混ぜて焼くだけ! 生カップお好み焼き「おはなはん」 ヒットの舞台裏
2018年09月20日 公開 2018年10月17日 更新
人々に役立つ「粉」を世界に!
――製造現場の改革に、松本社長みずから熱心に取り組んでおられるようですね。その際、社員の皆さんに考え方、フィロソフィを伝えていくには、どんな工夫をなさっていますか。
松本 私としては「社員みんなを成長させたい、みんなが幸せになるからやっている」という思いで、製造現場の社員の意識変革に取り組んでいるつもりです。また「会社が大きく、立派にならないと、みんなの生活を守れない」という信念を私はもっています。「人間として正しいことをしている」と認識して、経営を行っています。

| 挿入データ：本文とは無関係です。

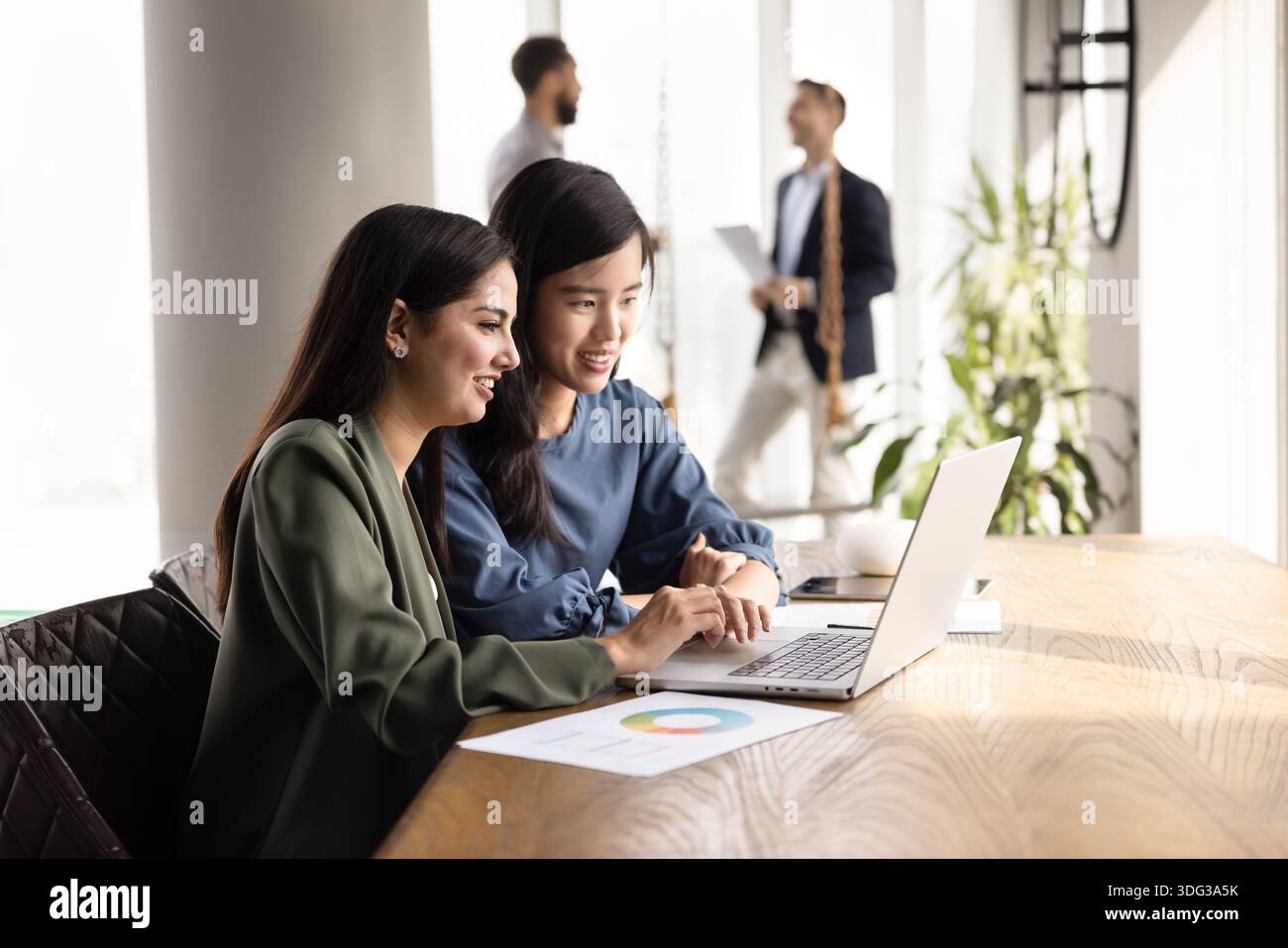 Two positive diverse female colleagues working together Stock Photo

社員の皆には、私の思いや考えがなかなか伝わらないことも多々あります。でもあきらめず、自分の本心を言い続けるしかないと、頑張ります。
ただ、相手に本質をうまく伝えられるメッセージを見つけるのが、けっこう大変です。ぴったりとくる「言霊」が見つかるまでは、ものすごく悩みます。でも、相手のことをずっと思い、私利私欲が絡んでいないか、「この人をどうしたいか」を真剣に考え続けたら不思議と見つかるものです。
このような、相手のことを思い続ける大切さは、母親から学びました。私が子供のころ、大阪の心斎橋を母親と歩きながら買い物をしていました。
母親は地元・和歌山の仲間におみやげを買うとき、一人ひとりの顔を思い浮かべ、「キミノさんはこれ」「ヨシコさんにはあれ」と言いながら長時間をかけて品物を探しているのです。さすがに私が弱音を吐いて「しんどい。もう、よう歩かん」と言ったら、おんぶしてくれましたけどね。そんな母親のやり方を自然と受け継いでいるのです。
――人のことを思う、優しいお母さんですね。松本社長も社員のみなさんのことを思い、優しい言葉で諭してあげるのですか?
松本 いいえ、必ずしも優しい言葉だけではありません。あえて厳しいことを言うこともありますよ。稲盛和夫名誉会長がよく使われる言葉に「小善は大悪に似たり」というものがあります。
中途半端な優しい言い回しで相手が真剣に物事を捉えなくなってしまえば、結果として相手をダメにしてしまうかもしれないのです。そのようなことも意識して「言霊」を探り当てていますね。
さらにわが社では、個別的にではなく社員全体に幅広く考え方を伝えるために、78項目にわたり私の考え方を整理した「フィロソフィ手帳」を活用しています。これは京セラさんの「京セラフィロソフィ手帳」をわが社なりにアレンジしたものです。
そして「フィロソフィ勉強会」も行っています。私がフィロソフィ項目ごとに紐解き講話をした様子をビデオでKCCSさんに撮っていただいて、それを編集して勉強会で活用しています。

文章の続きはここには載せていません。